After telling Haubris about my current work, he asks me to test whether it will load in COFFLoader, but I get memory access violations again. He then digs in and realizes that additional relocation types need to be handled, which his loader currently ignores (which is what I suspect Cobalt Strike is doing, but I will leave that up to Fortra to figure out).
A fair number of changes need to be made to support everything this new object file is trying to do. Without Kevin’s work, this BOF would have been dead in the water at this point. I suspect this may be specifically related to usage of custom binding handles, as a different RPC BOF can run inside Cobalt Strike without issue.
After those changes, we can now successfully run the BOF with COFFLoader, whether compiled with mingw or Visual Studio. So, perfect, our work is done, right? Not so fast. RPC uses exceptions to raise errors to the client program. Normally, this is handled using MSVC’s extensions for SEH (RpcTryExcept, RpcExcept & RpcEndExcept). Our issue is that an object file loaded with COFFLoader is not set up so that SEH works. In practice, this means that even a simple access denied will now crash our process because we are not capable of capturing the exception.
I consulted my co-workers again about these issues. This time, Adam Todd came to the rescue. He told me to check out AddVectoredExceptionHandler and SetUnhandledExceptionFilter. Both functions allow us to catch exceptions that are otherwise unhandled and to do so in a manner that is not frame based. This way, it matters less about how we are loaded, but we are left with a different problem. Once we catch that exception, what do we do? We can manipulate the registers, but capturing and re-setting up a stack frame may be unreliable in practice.
In the end, our best plan is to start a sacrificial thread and feed any exception that occurs back to us via the error code.

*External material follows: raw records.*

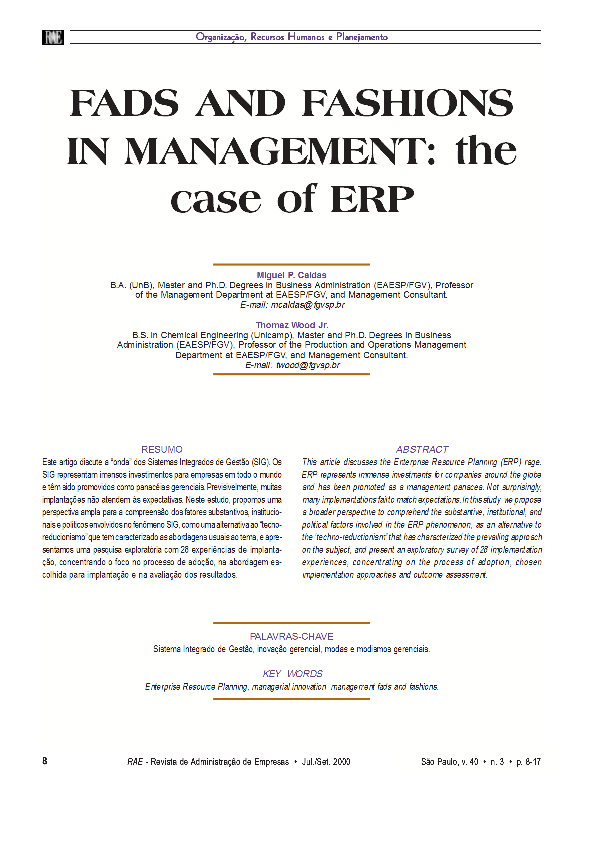 Fads and Fashions in Management: the Case of ERP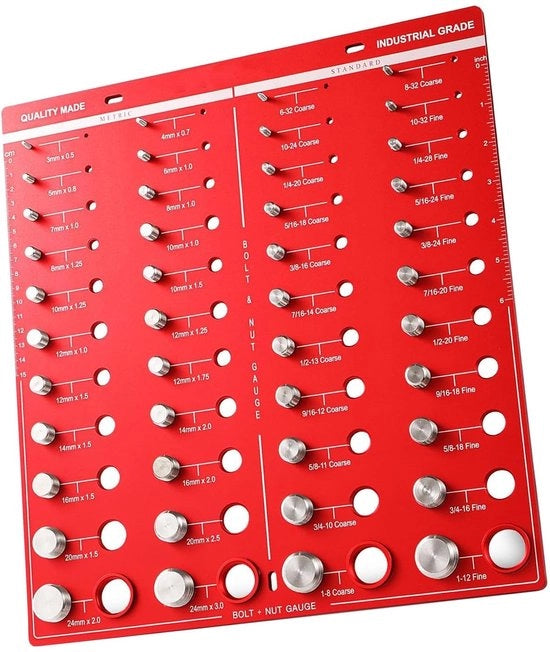 Controllatore di filo - Identificazione di filo a vite e a bussola - Qualità industriale - 14 misure metriche e 14 standard - Identificazione di misura rapida...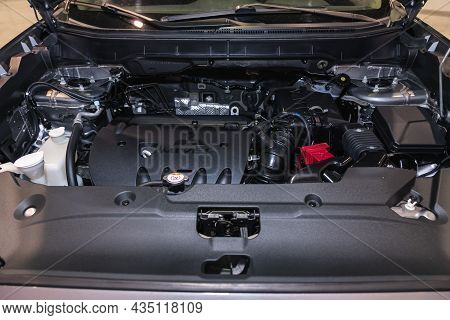 Novosibirsk, Russia - July 16, 2021:  Mitsubishi Asx,  Close Up Of A Clean Motor Block, . Internal C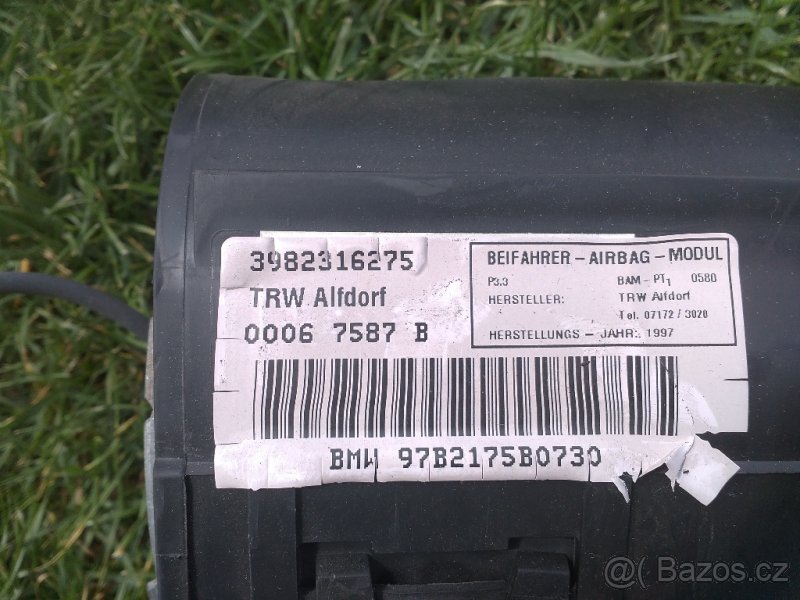 BMW E39 r.v. 97 Airbag spolujezdce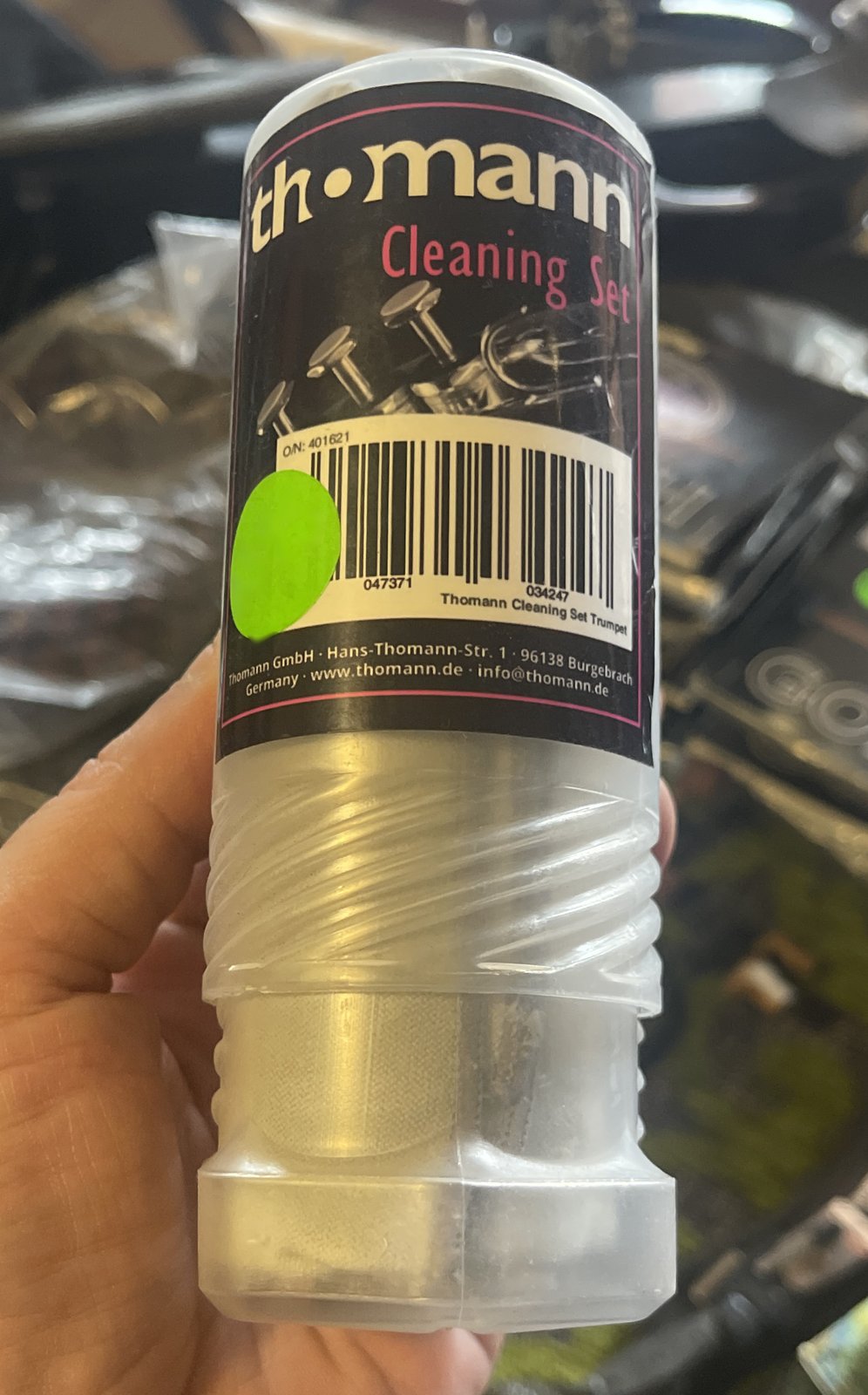 Thomann trumpet cleaning set in clear resealable storage tube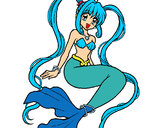 Dibujo Sirena con perlas pintado por lessmi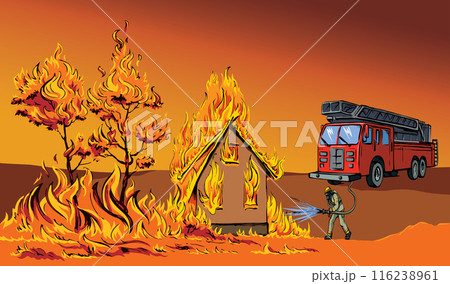 Vector drawing. Firefighter puts out the fire Vector drawing. Firefighter puts out the fire 116238961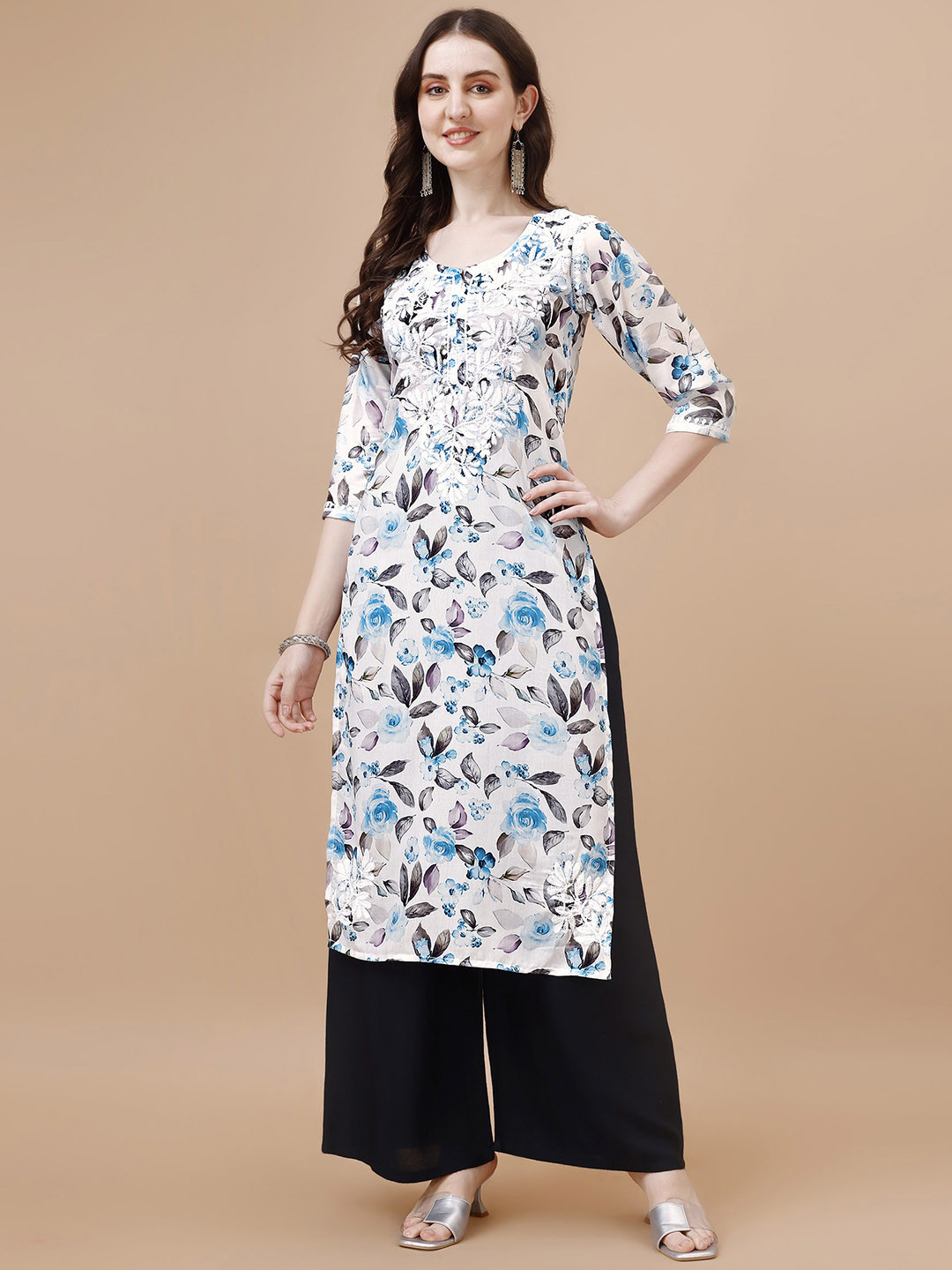 SAZRIKA Floral Printed Thread Work Straight Kurta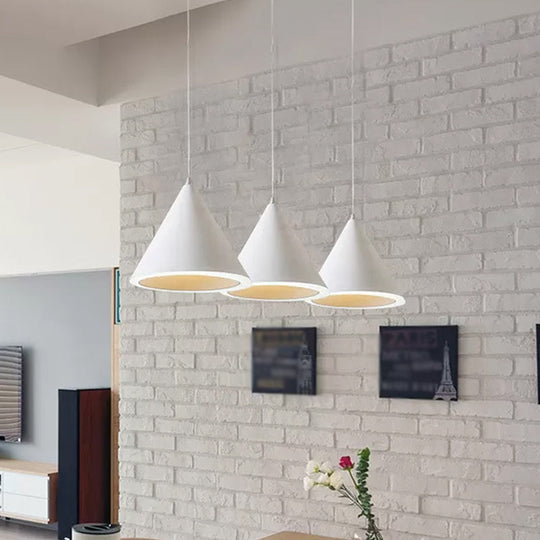 Led Macaron Cone Pendant Light For Dining Table Or Ceiling In Grey/White/Pink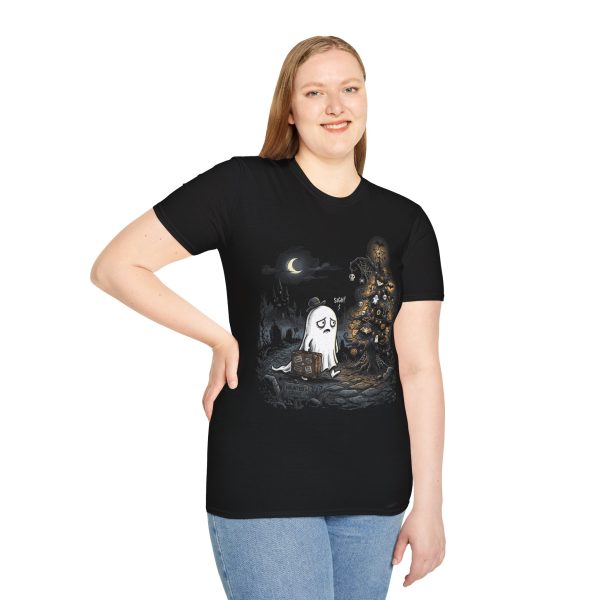 15136748042369365820_2048.jpeg Ghost Reading by Christmas Tree T-Shirt
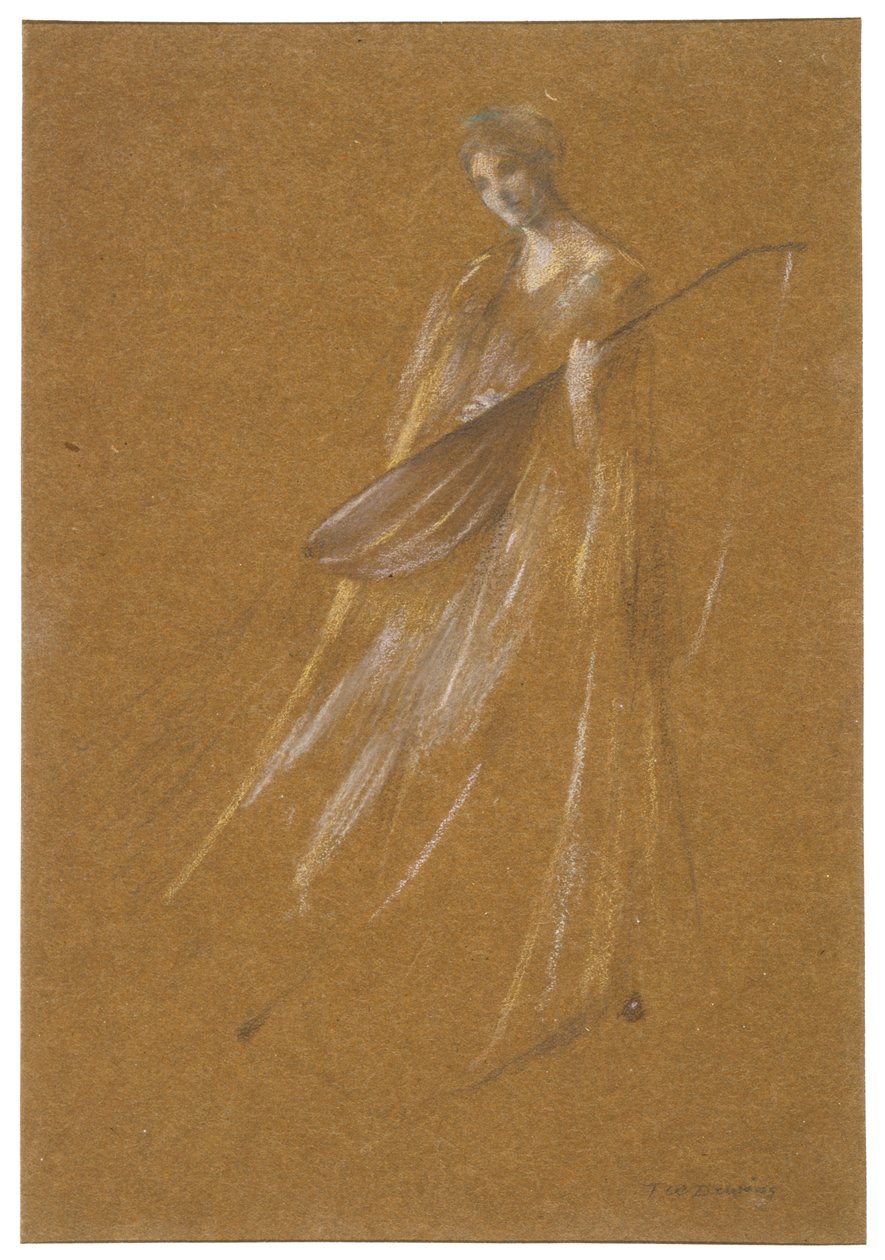 Dame mit Laute autorstwa Thomas Wilmer Dewing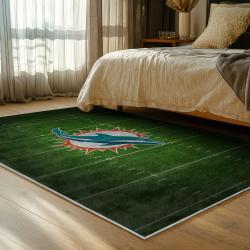 nfl miami dolphins area rug non slip football carpet home decor gift idea for fans bedroom md86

This way, our action is clear: simply terminate the thread with the exception as the exit code—no unwinding or stack to clean up.
Further, while using threads in a BOF is normally bad practice, it is fine in this case since we are just going to block the main thread until the sacrificial thread finishes. This also precludes us from dealing with memory concurrency issues with our usage of things like internal_printf.
Review
Coding against raw RPC interfaces can already be a complex process when working under normal conditions. Moving that code into BOF is theoretically no more complex than converting any other code to BOF, but it comes with some unique considerations in practice. Going into this project, I did not expect to have issues with the loaders. In fairness to the various loaders, PEs have many relocation types, some of which do not typically appear, so it’s understandable they may not have been tested.
For this specific situation, we would have been much better off using the top level win32 API layer, as pointed out in the first post of this series. If this had been done, we would not have had to deal with the RPC stubs, and the backing libraries would have been loaded using loadlibrary, so the potential RPC exceptions/relocations would all have been handled. This is a good reminder that there are usually multiple ways to accomplish the same goal—take the time to review different options before committing to a particular method.